In a moment of solitude, Im curled up quietly reflecting on my here and now. The present is calm..like still crystal clear waters stretched out perfectly reflecting a starry cloudy night above. Not a whisper, not a hush..its all so pristine.There's not a ripple to break the silence or marr the picturesque display.
Beneath this facade, I know better, Im submerged in the deepest of thoughts..a weave of knots and tangles waiting to be unraveled but there is no rush..I take my time..it is nothing new after all..the bubble of existence that plays on and channels itself into different outlets..escapism..we're all guilty of that on some level or the other..
An old familiar drifts by..floats and wavers for a fraction of a second, it sets me off on a new tangent away from the muddle of contemplation that had me occupied..
I missed you terribly today...I apologize for my lack of communication, cant explain how mind numbing and exhausting my paradigm shifts are, when I really wish I would have it in me to really talk to you..but cant.

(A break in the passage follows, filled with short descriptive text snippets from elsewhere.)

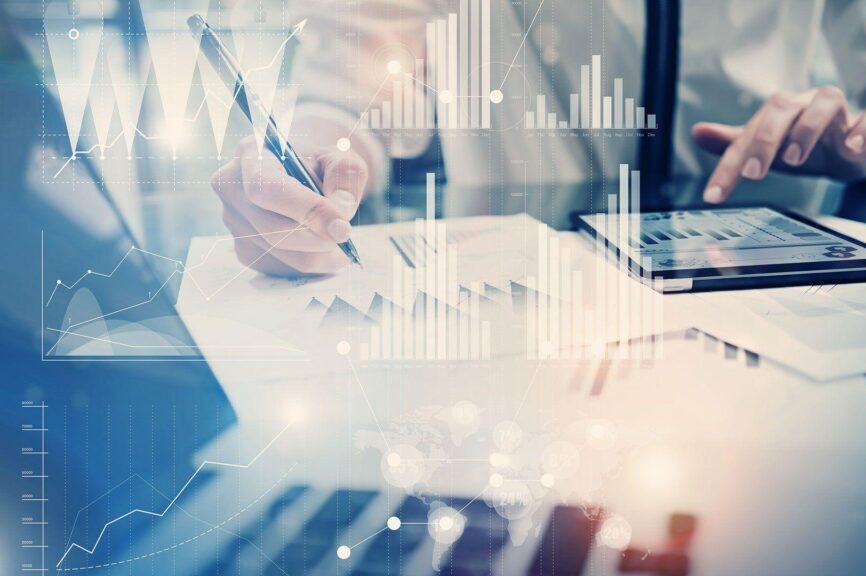 Curriculum & Services Taxes, Analysis & Special Questions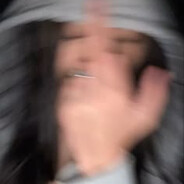 EPSTEIN
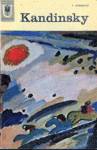 Kandinsky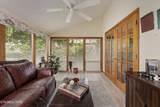 441 Lost Tree Lane - Photo 18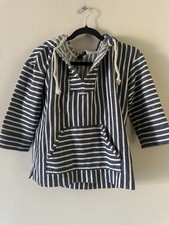 Women's Pullover Top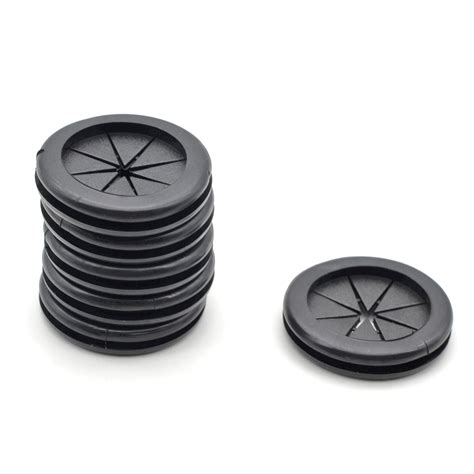 Rubber Grommets For Wiring Firewall Hole Plugs Wire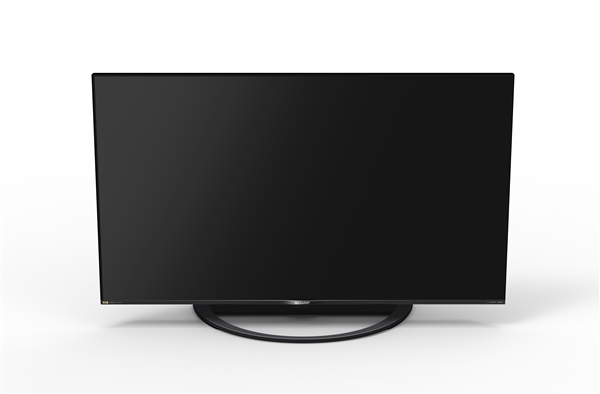 夏普/东芝双双发布8K电视：配HDMI 2.1接口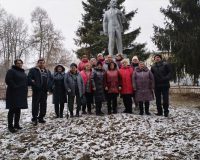 Олег Карпиков: «Инициатива должна быть вознаграждена!»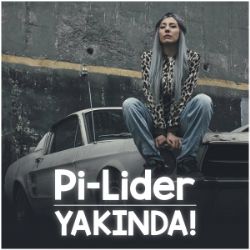 Lider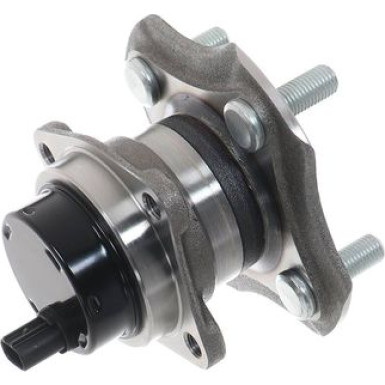 VKBA 3975 Radlagersatz VKBA 3975 Radlagersatz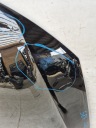 AUDI Q3 8U 8U0 11-18 КАПОТ КРИШКА ДВИГУНА  фото 9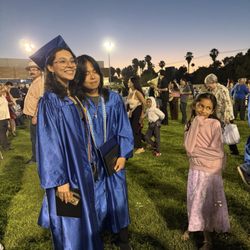North Hollywood High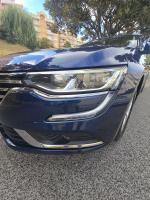 renault-talisman-2018-diesel-1461cc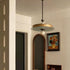 Vallora Pendant Light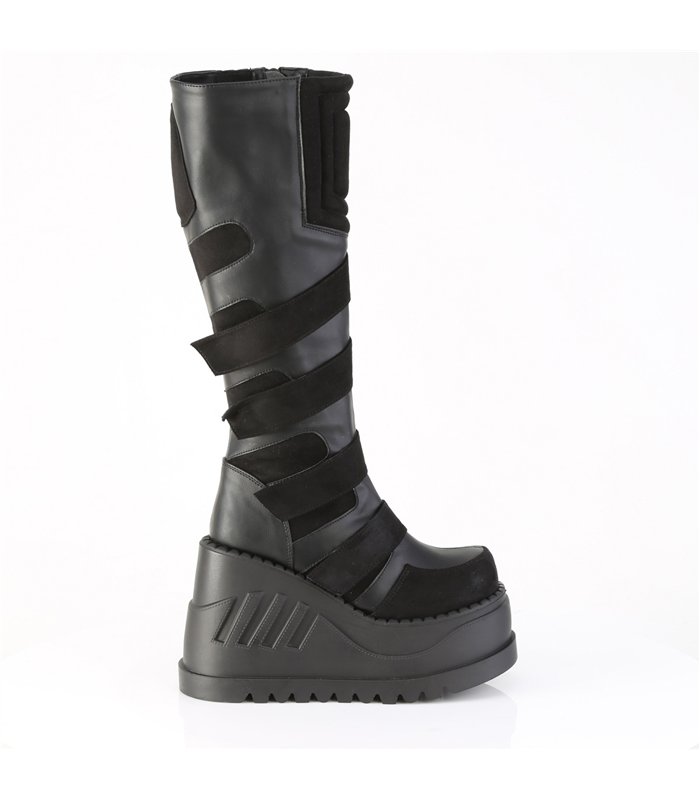 STOMP-228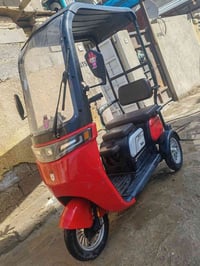 بيع او مراوس حسب القناعه السعر المطلوب 800الف🔥  دراجه شحن سرعه 60  سرع...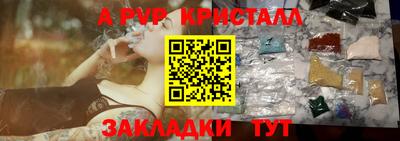 гашик Славгород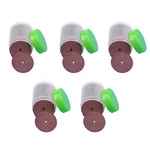 150PCS 25MM Resin Off Wheel Disc Metal Cutting For Dremel Rotary Tool. Fixed Price $12.84.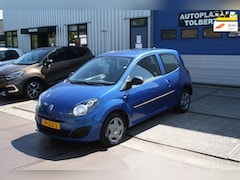 Renault Twingo - 1.2 Authentique *AIRCO*NW-APK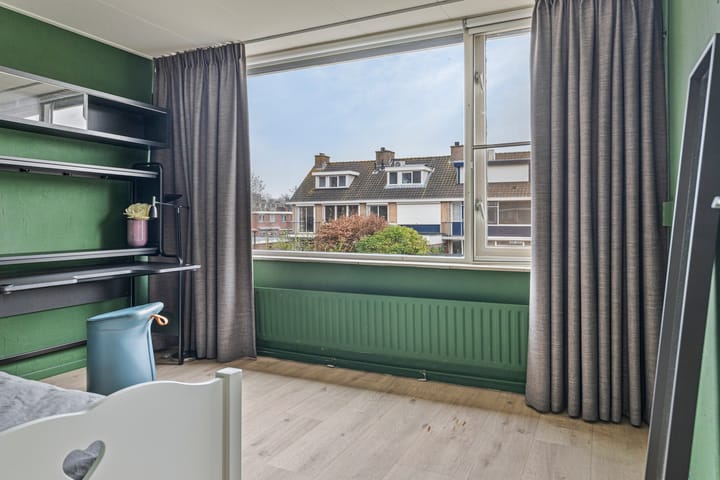 Foto 19 van Anjerstraat 27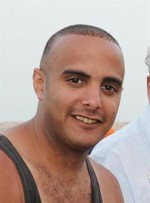 عبدالوهاب العمر﻿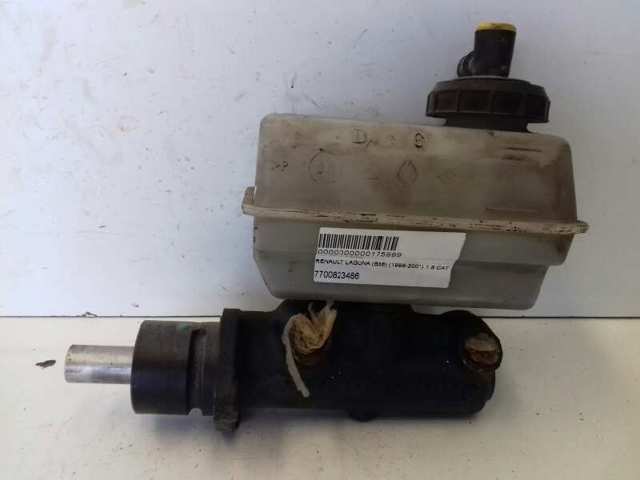 7700823486 Renault (RVI)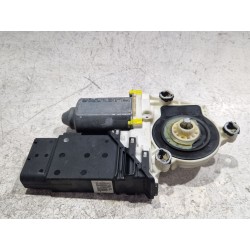 MOTOR ELEVALUNAS DELANTERO DERECHO 101434202 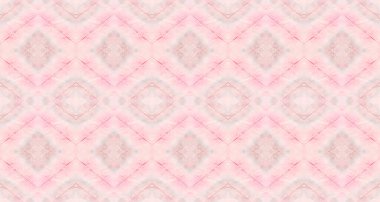 Mor Renkli Bohem deseni. Kabile Bohem Fırçası. Soyut Dalga Yazdırma. Violet Color Bohemian Batik. Kusursuz çizgili Ikat Batik. Kusursuz Suluboya Şablon Tekrar Su Rengi Geometrik Tekstil.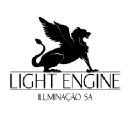 lightenginesa.com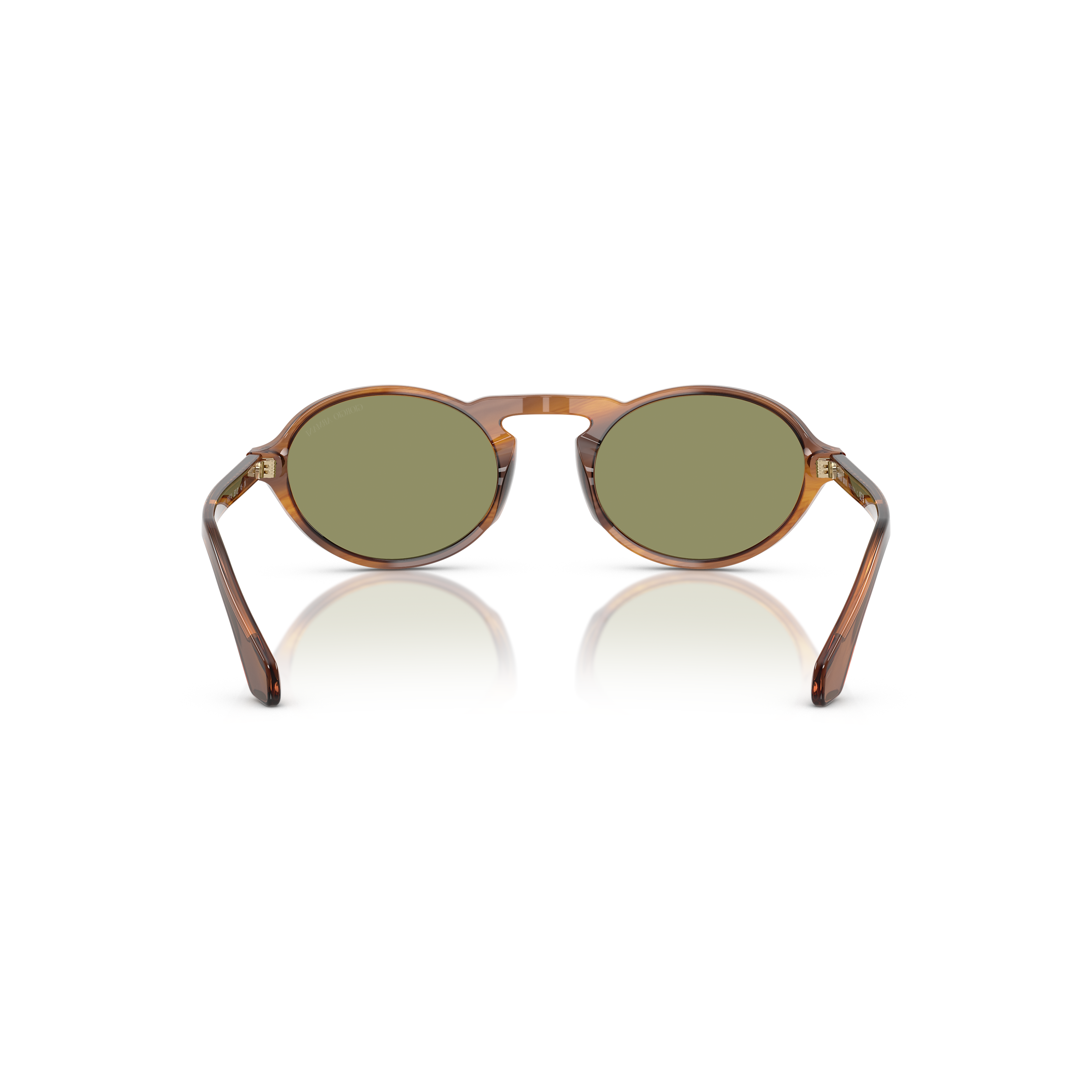 GIORGIO ARMANI™ AR8219U 616314 52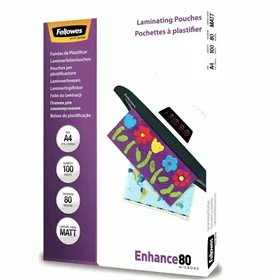 Набор стаканов Home ESPRIT Зеленый Стеклянный С облегчением 360 ml (6 штук)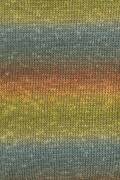 Lang Yarns LINELLO 115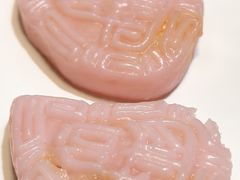 -非遗•老字号•阿彬牛肉火锅(广济桥店)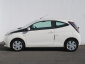 Toyota Aygo, 2015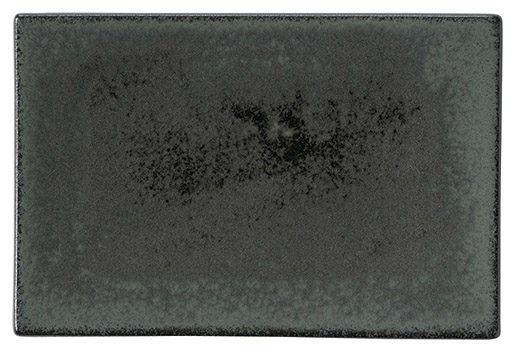 �Ɩ��p 16cm���M�i���H�j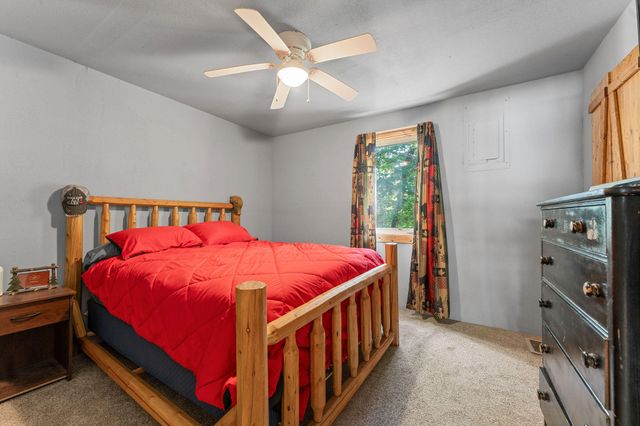 24440 Coveside Lane, Shell Knob, MO 65747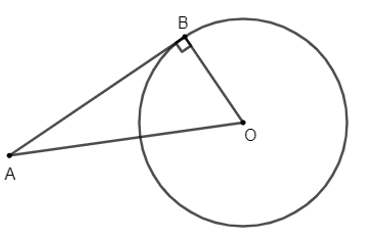 Bài 20 trang 110 SGK Toàn 9 tập 1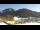 Webcam in Söll, 1.1 mi away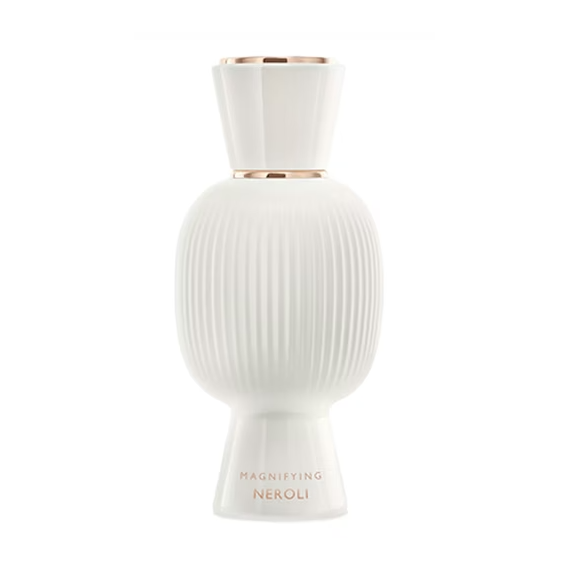 Bvlgari Allegra Magnifying Neroli Essence Női parfüm csomagolás nélkül EDP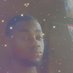 Cornelius Brown (@corneliusnelly7) Twitter profile photo Cornelius Brown (@corneliusnelly7) Twitter profile photo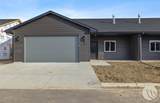 637 Willow Branch Road - Photo 1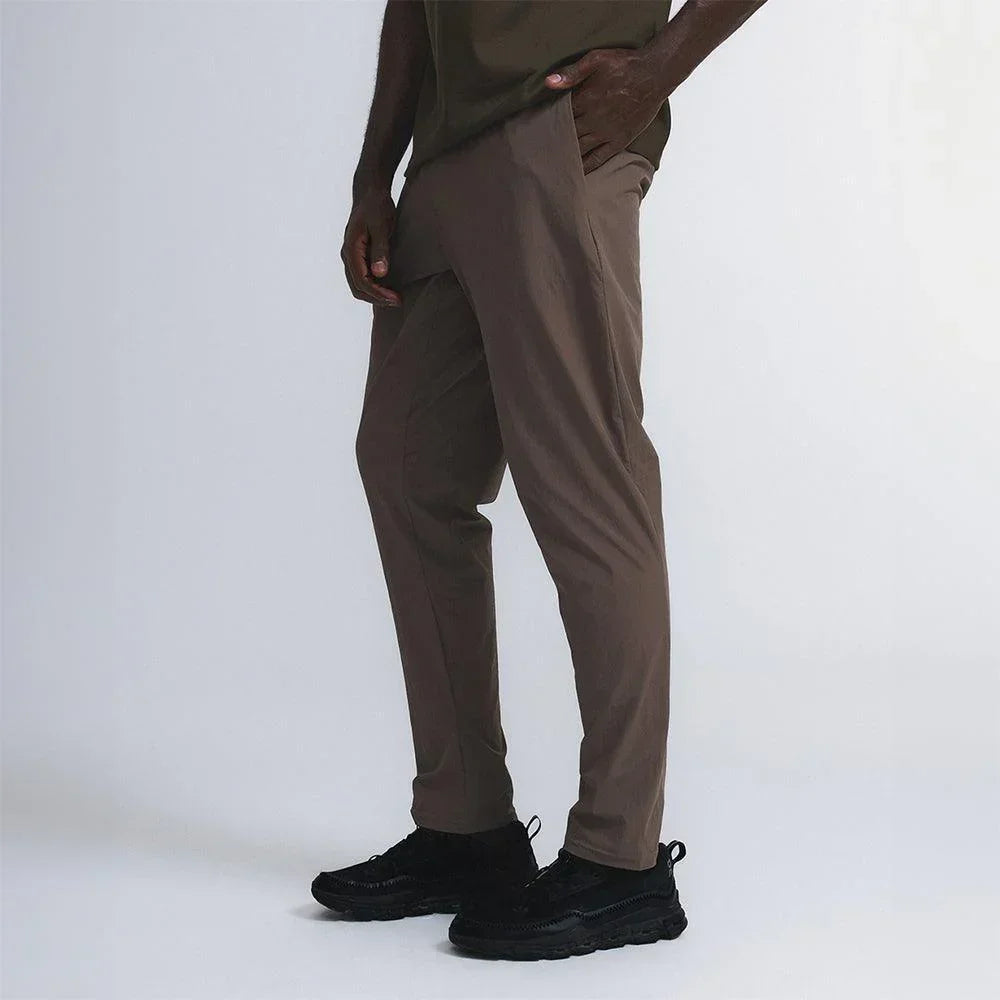 Urban Brown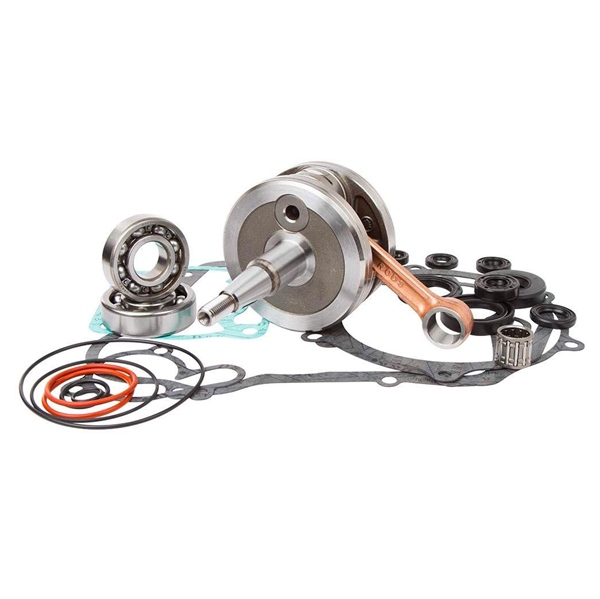 HOT-RODS Bottom End Kit | Kimpex Canada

It is reassuring to know that we'll always be a phone call away. I cant explain what that consistency means to me. My changes don't allow for me to enjoy our memory lane, however sometimes a fractured sentence regarding an insane moment in la la land does bring about a wistful smile to curl across my lips.
Though the imaginary seasons have stopped rolling and the chronicles put away with the portrait of Dorian Gray, the ghosts too have begun to fade. Sanity is proving to be worth the price of shattered dreams.
Was watching a film you recommended a long time ago, will sleep immediately after.
Who am I kidding?
The perpetual insomniac sleepless in her own sleep.